While social movements strategies such as lunch counter sit-ins or the crossing of feminist ideologies are often used repeatedly from past movements’ success, the context that these two specific movements fall into are too different to claim that one influence the other. For starters, organic advocates, both in the 60s and 70s as well as today, are defensive mobilizers. The overlapping message of their issue is that they are fighting against types of industrial agriculture to uphold health of person and land. Food movements today are based in prefigurative politics that see a world where organic agriculture is the norm and biodiversity is a valued standard. However, they are also fighting against corporate lobbyists and monopoly producers that continue to buy our organic farmers. On the other hand, we have seen that the Grahamites platform was only prefigurative. Sylvester Graham’s crusade of non-masturbators stood to convince other people to join their eating agenda but did not have any larger powers that were against their movement, unlike organic advocates.

 

Another Politics, Taking Across Today’s Transformative Movements, Chris Dixon

This book is dense and often repeats itself, but so far it has been the most helpful book I have read regarding organization and strategizing. Also, it’s written by an Evergreen graduate, which I did not realize until I was a about a quarter of the way through it. The layout of the book first introduces the reader to the history of larger movements of the 20th and 21st century, then, using this information discusses the politics of social movements and the anti-authoritarian ideology that many activists as well as introduces the idea of pre-figurative politics versus knowing what a movement is ‘against.’ The last two sections of the book are focused on developing strategy in a world that does not yet accept a movement’s vision as well as the leadership/organizer role that many movements develop.

At the end of this week, I was preparing to start writing my research paper that I am still aiming to complete by Week 7. After finishing this book, I finally felt able to start writing parts of the final paper. I ended up citing this book quite a few times, and while I’m not going to write any personal incites or analyses about my time reading it now, I did have a couple of favorite quotes that I can share instead:

Rojas-Urrutias says of social movements in Latin America, “the struggle is on the people’s struggle for autonomy, not gathering power to take over the state and topple it. Revolution is about the process of making power creating autonomous communities that divest from the state” (105)

“There are in fact a few kinds of activity that tend to get lumped together under the label “prefigurative.” Perhaps the most widely recognized of these forms is to practice countercultural lifestyles that in some way point toward a better society. Whether vegetarianism, collective living, or nonmonogamous relationships, such lifestyles generally involve efforts to “live our values”—to bring day-to-day ways of living into line with radical aspirations” (131).
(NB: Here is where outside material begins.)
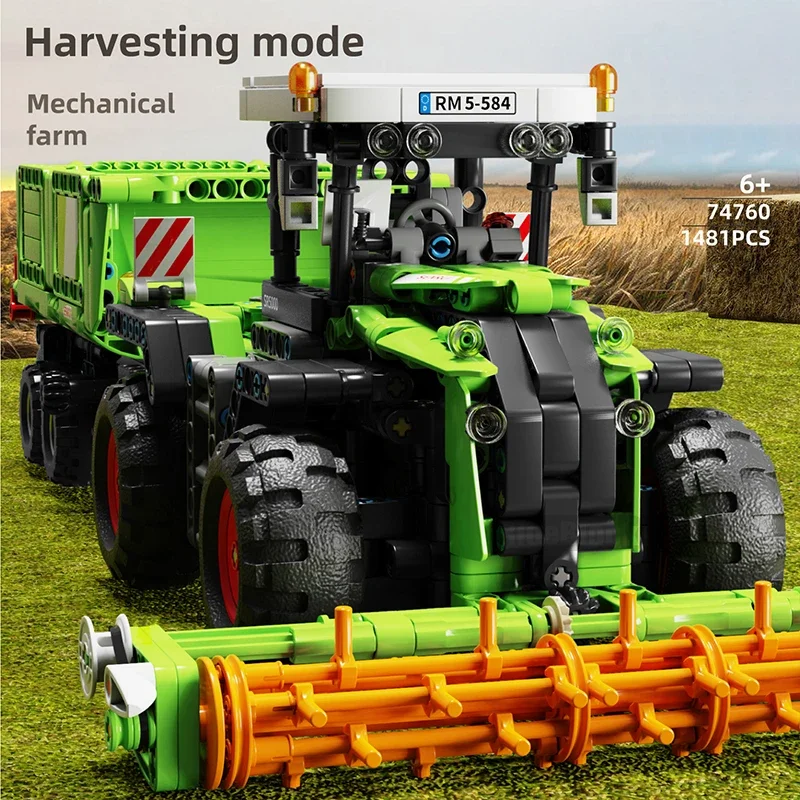 City Construction Tractor Harvester Building Block Kits Truck Farm Construction Vehicles Set Toys for Adults Boys Girls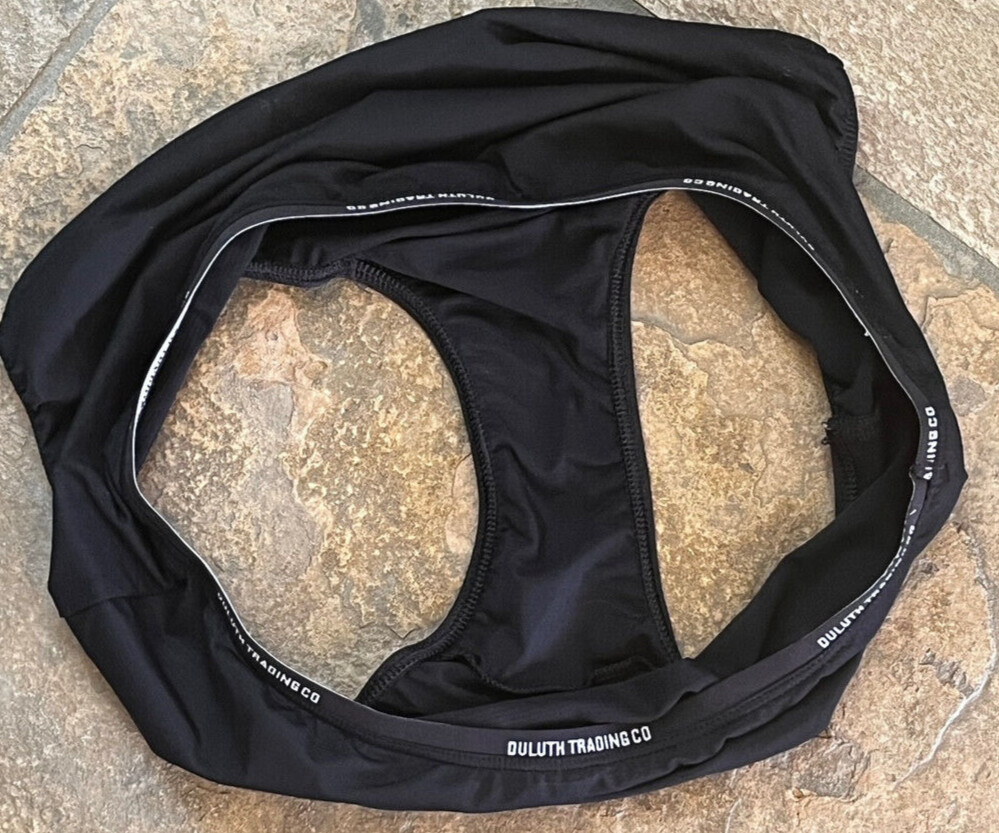 524 DULUTH Trading Co Medium Black Hi Cut Leg Signature Waist Brief Panty NWOT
“As organizers, we struggle with the often harmful ways we have been socialized to treat one another and with how to develop more healthy and liberating practices. And if we’re succeeding, we’re grappling with these things inside movements that are fighting against injustice. We face important questions about how to combine our attempts to develop new social relations with our efforts to challenge existing social relations…work around healing is a powerful basis for developing consciousness and taking action against structural forms of violence” (142).

 

The Poetry of Creatures, On Being podcast with Ellen Davis and Wendell Berry, hosted by Krista Tippett

Overall, I’m a huge fan of this podcast series. It’s been in production for over a decade and I’m always finding old shows that I’ve never listened to before. Each show is based in theology, which I’m sure may be a turn off for some people, however I personally find theology rather captivating and the guests that Tippett interviews are diverse in terms of both identity and profession.

In this podcast, Tippett interviews Ellen Davis, an environmentalist and biblical scholar and uses recordings of Wendell Berry reading some of his poetry about agriculture. At one point, Davis talks about one of her students telling her she needed to ask a question about land on a test she was writing. Davis was caught off guard; she had not realized how often she spoke about the necessary relationship that humans have with the land. Davis continues to say that there was no need to search for mentions of land and sea within the bible because it seemed to appear in everything. From a literary perspective, I personally return to thinking back to the importance of kitchens as a space in the house. In some ways, the mention of land is the same way. They are both grounding, and reconnecting to memory, life, and hearth.

Consciousness is crucial to the relationship that we hold with land and garden. Davis mentions this when she speaks about the times she was unaware she was lecturing about land. She relates the same thought to the practices and traditions in how we eat and remembering that our land is our food and vice versa. When we’ve made these connections, the next step is asking questions about the morals that are tied to our food and what it means to eat the food we choose to eat.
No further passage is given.